Prepare the Pan: Generously grease and flour a 10-12 cup bundt pan. Make sure to get into all the nooks and crannies to prevent the cake from sticking. You can also use baking spray with flour for this step.
Brown the Butter: In a light-colored saucepan over medium heat, melt the butter. Continue to cook, swirling occasionally, until the butter turns a golden-brown color and has a nutty aroma. This usually takes about 5-7 minutes. Watch it carefully, as it can burn quickly. Pour the browned butter into a heatproof bowl and let it cool slightly.

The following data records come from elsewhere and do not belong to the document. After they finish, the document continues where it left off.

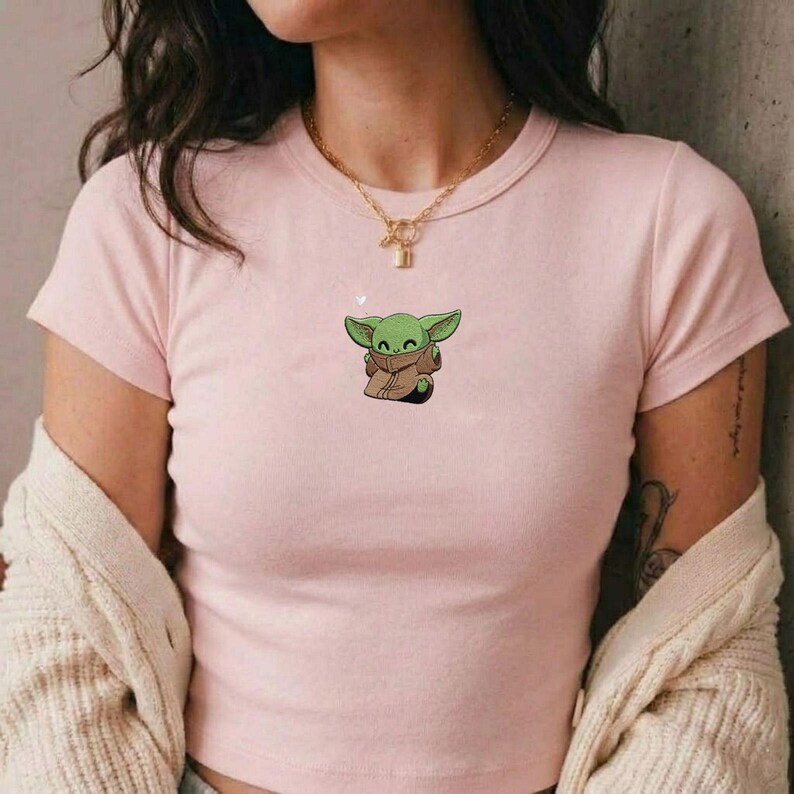 May include: A light pink short-sleeved t-shirt featuring a small, centered graphic of a green, large-eared creature wearing a brown robe. The shirt has a crew neckline and a fitted silhouette, paired with a gold-toned chain necklace.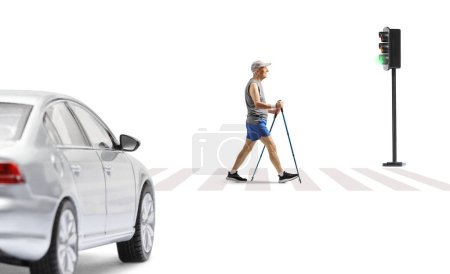 Foto de Foto de perfil completo de un anciano cruzando una calle con bastones de trekking aislados sobre fondo blanco - Imagen libre de derechos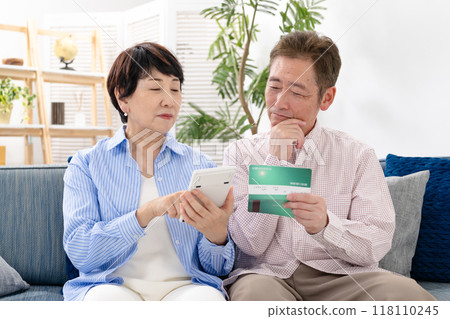 Senior couple troubled watching passbook Senior couple troubled watching passbook 118110245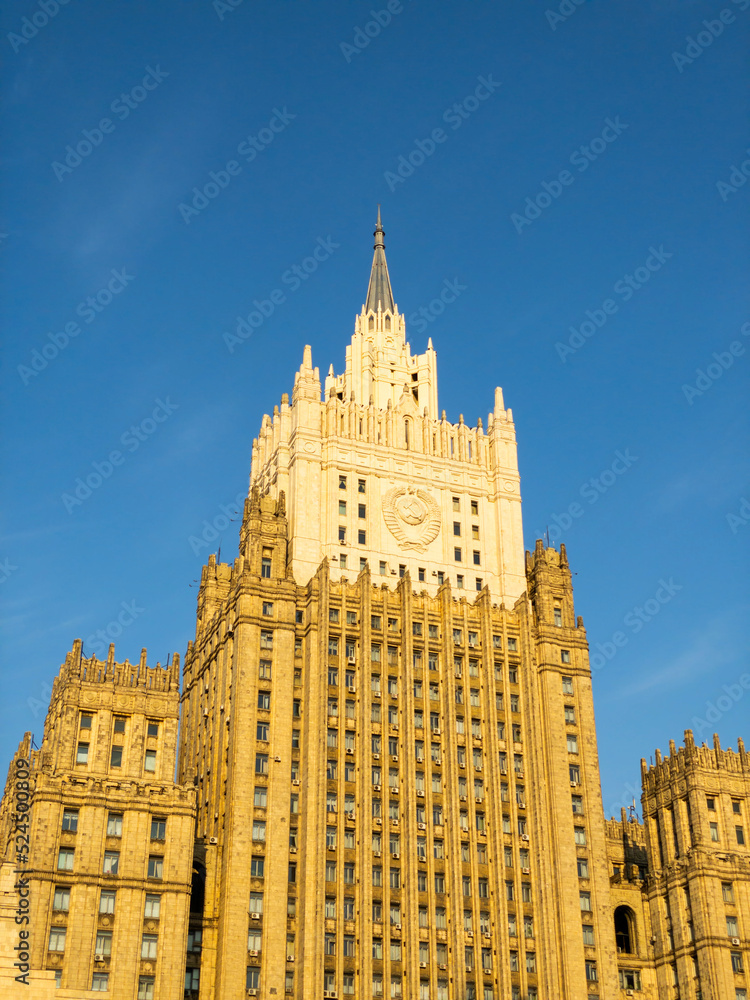 Obraz premium Moscow cityscape within day time. Offices buildings exterior. Building of the Ministry of Foreign Affairs MFA. Rooftops of residential houses on blue sky, bottom up view coat of arms of the USSR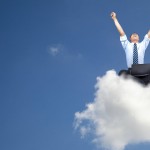 happy man on a cloud with PC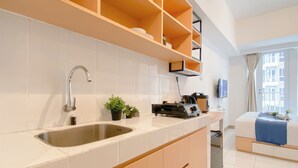 A modern kitchen with a built-in sink, wooden cabinets, and a countertop.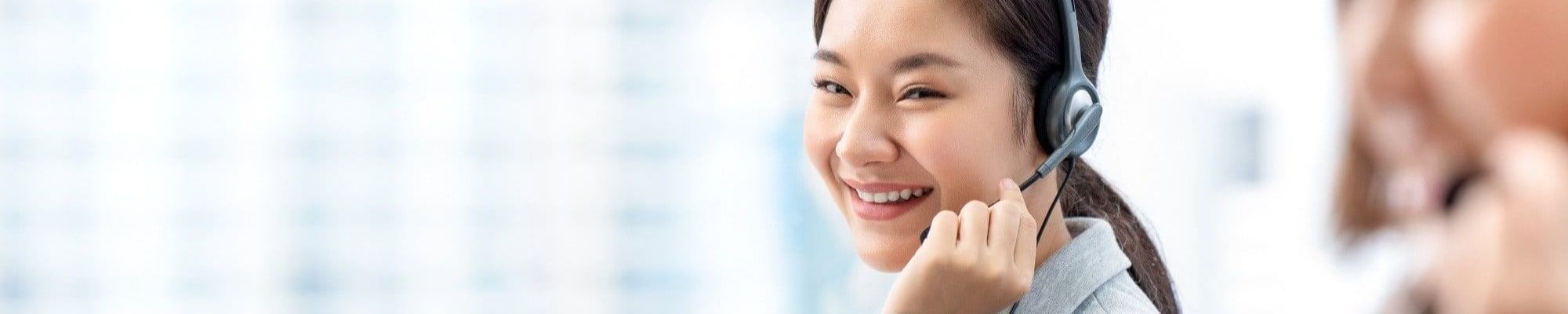 customer support woman smiling in labor consulting services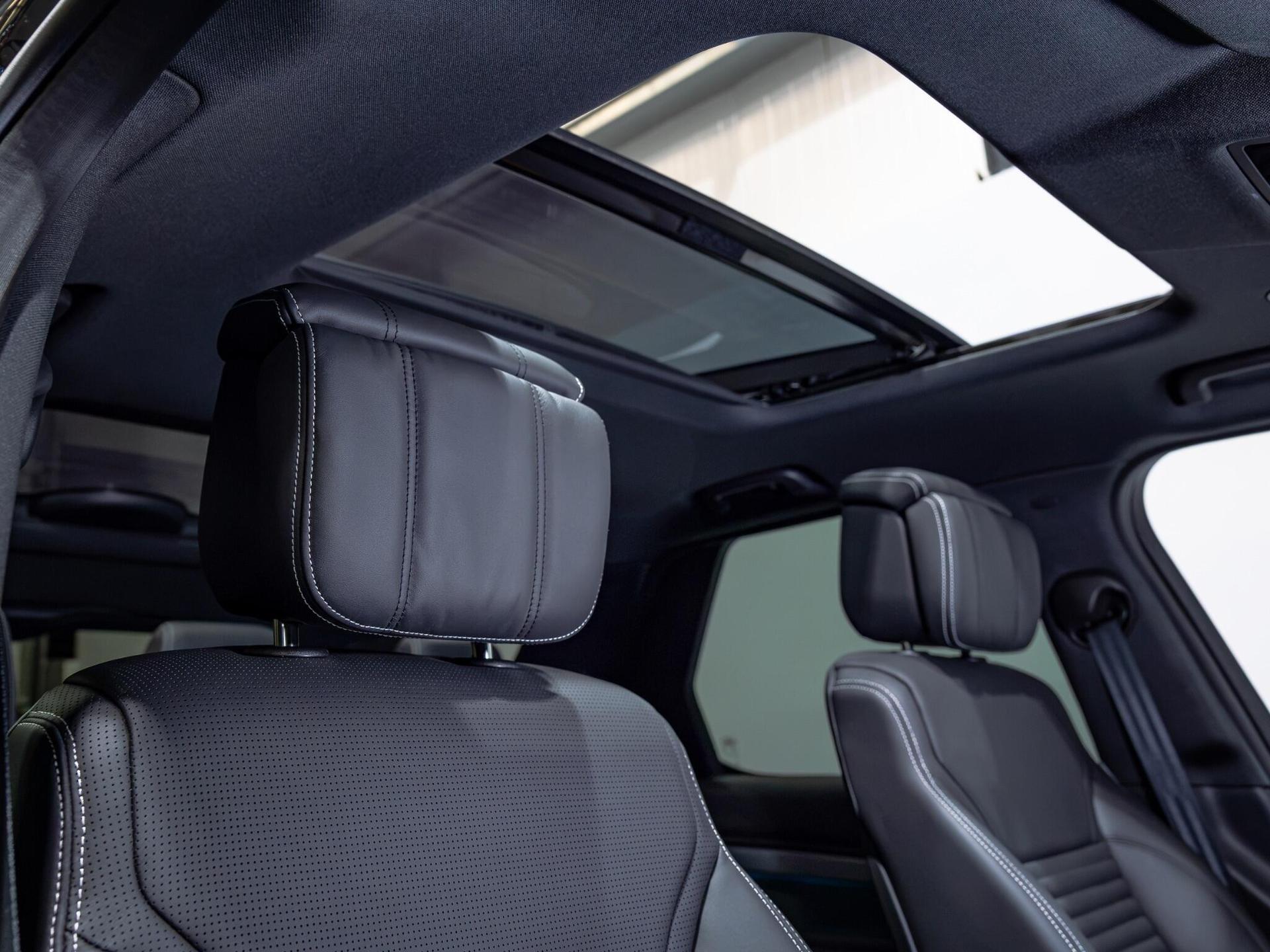 An interior shot of the driver seat on a 2026 Land Rover Discovery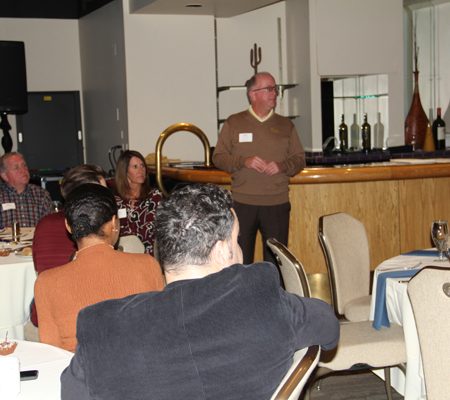 a person standing in front of a group of people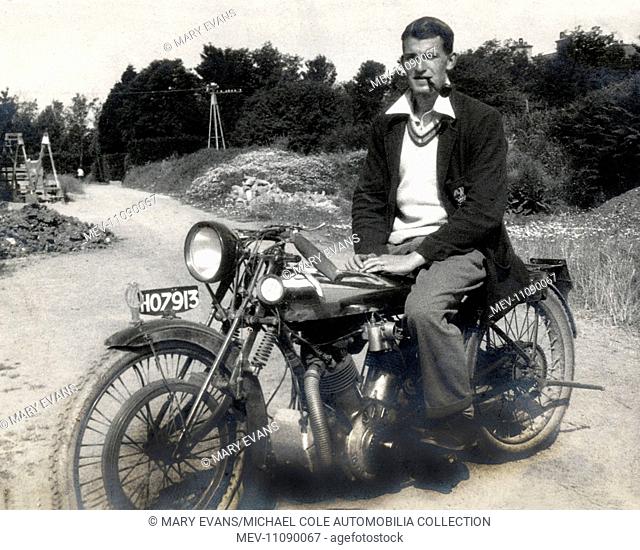 Stylish young man sitting on his 'Special' vintage modified motorcycle in the early 1930s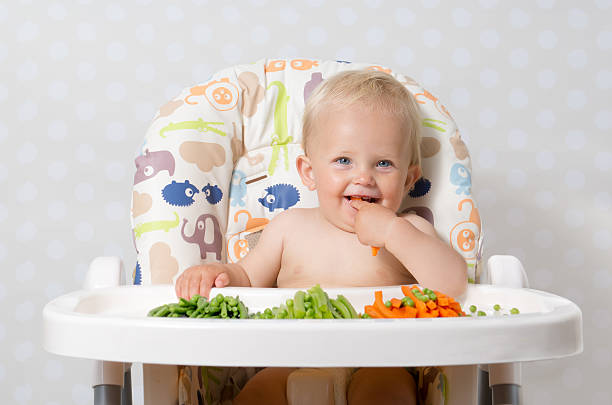 Baby girl eating raw food stock photo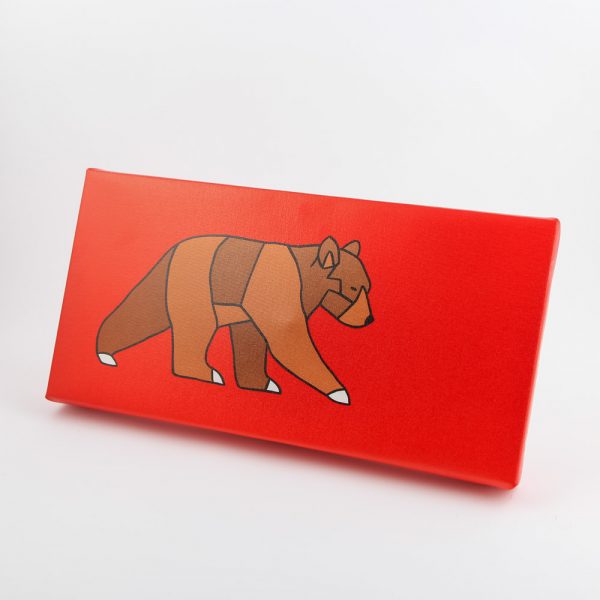 curious bear walking on red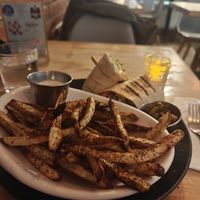 Zaa'tar fries and chickpea shawarma wrap at Nourishmoi in Mississauga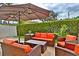 Relaxing patio area with comfortable wicker furniture and umbrella at 3222 W Empedrado St, Tampa, FL 33629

Whisk Dry Ingredients: In a large bowl, whisk together the flour, baking powder, baking soda, cinnamon, nutmeg, cloves, and salt. This ensures that all the spices and leavening agents are evenly distributed.
Cream Sugars and Butter: In a separate large bowl, cream together the cooled browned butter, granulated sugar, and brown sugar until light and fluffy. This usually takes about 3-5 minutes with an electric mixer.
Add Eggs and Vanilla: Beat in the eggs one at a time, then stir in the vanilla extract. Make sure each egg is fully incorporated before adding the next.
Alternate Dry and Wet Ingredients: Gradually add the dry ingredients to the wet ingredients, alternating with the buttermilk, beginning and ending with the dry ingredients. Mix until just combined. Be careful not to overmix, as this can result in a tough cake.
Fold in Apples: Gently fold in the diced apples until they are evenly distributed throughout the batter.
Pour into Pan: Pour the batter into the prepared bundt pan and spread it evenly.
Bake the Cake: Bake in a preheated oven at 350°F (175°C) for 50-60 minutes, or until a wooden skewer inserted into the center comes out clean.
Cool the Cake: Let the cake cool in the pan for 10-15 minutes before inverting it onto a wire rack to cool completely. This helps the cake release from the pan without breaking.
Dust with Powdered Sugar (optional): Once the cake is completely cool, dust it with powdered sugar for a beautiful finishing touch.